Although textbook treatment guidelines still call for patients to take a few AIDS medications twice a day, many patients in industrialized countries now can keep sufficiently high medication levels in their bodies with once-daily doses.
And now, researchers in an international collaboration that includes the Aids Clinical Trials Unit (ACTU) at the School of Medicine have begun an ambitious new study to see if this treatment paradigm can be implemented in Third World countries.
“This is the largest systematic trial of AIDS treatment to ever be conducted on a multinational stage,” said David B. Clifford, M.D., the Melba and Forest Seay Professor of Clinical Neuropharmacology in Neurology and director of the ACTU.

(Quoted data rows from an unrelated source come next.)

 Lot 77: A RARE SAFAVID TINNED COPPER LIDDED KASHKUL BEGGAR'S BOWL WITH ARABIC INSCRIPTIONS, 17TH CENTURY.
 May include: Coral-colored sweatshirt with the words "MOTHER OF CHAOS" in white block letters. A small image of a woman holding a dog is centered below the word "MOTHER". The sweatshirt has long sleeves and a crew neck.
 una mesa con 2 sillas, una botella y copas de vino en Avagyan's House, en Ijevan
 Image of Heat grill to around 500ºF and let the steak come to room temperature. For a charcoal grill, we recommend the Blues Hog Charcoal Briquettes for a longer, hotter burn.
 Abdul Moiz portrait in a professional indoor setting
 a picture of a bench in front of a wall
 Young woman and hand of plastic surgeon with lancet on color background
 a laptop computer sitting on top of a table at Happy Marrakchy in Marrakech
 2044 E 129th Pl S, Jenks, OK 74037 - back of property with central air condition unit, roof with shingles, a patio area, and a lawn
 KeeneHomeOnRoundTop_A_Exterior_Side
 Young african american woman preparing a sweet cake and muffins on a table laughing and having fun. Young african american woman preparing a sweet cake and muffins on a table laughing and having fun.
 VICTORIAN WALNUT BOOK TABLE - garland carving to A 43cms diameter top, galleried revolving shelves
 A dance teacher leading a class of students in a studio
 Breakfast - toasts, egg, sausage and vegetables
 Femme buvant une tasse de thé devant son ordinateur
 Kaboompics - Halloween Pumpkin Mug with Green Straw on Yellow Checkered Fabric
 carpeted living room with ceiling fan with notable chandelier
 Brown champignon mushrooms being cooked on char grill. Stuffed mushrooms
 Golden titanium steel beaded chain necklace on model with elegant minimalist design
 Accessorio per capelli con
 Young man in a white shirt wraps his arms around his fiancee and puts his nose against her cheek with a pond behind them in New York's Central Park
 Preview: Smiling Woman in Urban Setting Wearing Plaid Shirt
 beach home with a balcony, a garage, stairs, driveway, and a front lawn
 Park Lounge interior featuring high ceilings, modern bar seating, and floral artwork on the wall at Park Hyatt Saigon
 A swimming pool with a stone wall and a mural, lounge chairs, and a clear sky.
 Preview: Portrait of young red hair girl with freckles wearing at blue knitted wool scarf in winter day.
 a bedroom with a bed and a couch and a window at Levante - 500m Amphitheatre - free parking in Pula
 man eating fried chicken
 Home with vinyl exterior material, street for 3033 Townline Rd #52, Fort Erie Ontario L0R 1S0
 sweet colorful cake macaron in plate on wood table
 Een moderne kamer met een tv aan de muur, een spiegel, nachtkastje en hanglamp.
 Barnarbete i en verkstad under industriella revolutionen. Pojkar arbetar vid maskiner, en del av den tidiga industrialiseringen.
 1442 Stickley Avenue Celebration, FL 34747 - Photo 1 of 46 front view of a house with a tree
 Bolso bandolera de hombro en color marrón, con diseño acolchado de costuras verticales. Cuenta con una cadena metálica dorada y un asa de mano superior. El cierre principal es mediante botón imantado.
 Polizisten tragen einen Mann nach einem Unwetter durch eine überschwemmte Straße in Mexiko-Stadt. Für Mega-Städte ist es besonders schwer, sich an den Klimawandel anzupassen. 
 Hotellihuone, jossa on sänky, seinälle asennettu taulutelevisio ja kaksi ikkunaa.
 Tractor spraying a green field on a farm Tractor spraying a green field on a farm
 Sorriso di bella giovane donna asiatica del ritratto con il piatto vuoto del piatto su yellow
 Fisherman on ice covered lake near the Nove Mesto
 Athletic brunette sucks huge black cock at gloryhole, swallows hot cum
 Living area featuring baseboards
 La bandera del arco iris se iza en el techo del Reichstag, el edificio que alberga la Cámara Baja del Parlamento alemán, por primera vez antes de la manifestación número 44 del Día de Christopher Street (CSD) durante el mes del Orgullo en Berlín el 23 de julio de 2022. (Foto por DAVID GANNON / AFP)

“It’s really quite ambitious and exciting.”
Although the majority of participants in the study will be in developing nations where AIDS infection rates are much higher than in the United States, nine U.S. AIDS treatment centers, including the Washington University ACTU, also are enrolling patients.
“The fewer times a day that AIDS patients have to remember to take their medicine, the better,” Clifford said. “When patients miss scheduled doses, the virus jumps back very quickly and starts figuring out ways around the drugs.
“So we have to keep our foot on the virus and keep the virus nailed to the floor.”
To ensure compliance, AIDS physicians will sometimes ask patients to find a friend or family member who will make sure they take their medicine, a technique called direct observation.
“If monitors have to watch patients take their medicine once a day, that’s plausible,” Clifford said. “If they have to go four times a day, that’s hopeless.”
In the early days of AIDS drugs, one of the first successful treatments required patients to take a dose every four hours. Current AIDS drugs either contain larger doses, take advantage of strategies that release the medication into the body more slowly or incorporate features into the medicine itself that slow its clearance from the body.
Researchers administering the study are seeking AIDS patients who either have not yet been treated with antiviral medications or have had less than a week of such treatments.
Sites for the trial include South Africa, Zimbabwe, Thailand, India, Malawi, Peru and Brazil.
Clifford said there is evidence for optimism that the once-daily dosing schedule can be successfully implemented in developing nations. But he noted that many different factors may affect the success of the new approach in these areas.
One concern is that the brief treatment of HIV-infected pregnant women with antivirals to block mother-to-child transmission may have created reserves of drug-resistant HIV in developing nations. Although such treatment plans prevent the passage of AIDS to the infant, they often are stopped after birth, leaving versions of the virus that have begun to figure out ways of evading the drug treatments and freeing the virus to multiply in the mother.
Scientists are also planning to look for signs that genetic differences in other nations alter patients’ responses to medications.
Economic feasibility will also be a concern. Many developing nations have large numbers of AIDS patients to treat but few resources. Also, the drugs that can be taken once daily tend to be among the most expensive treatments.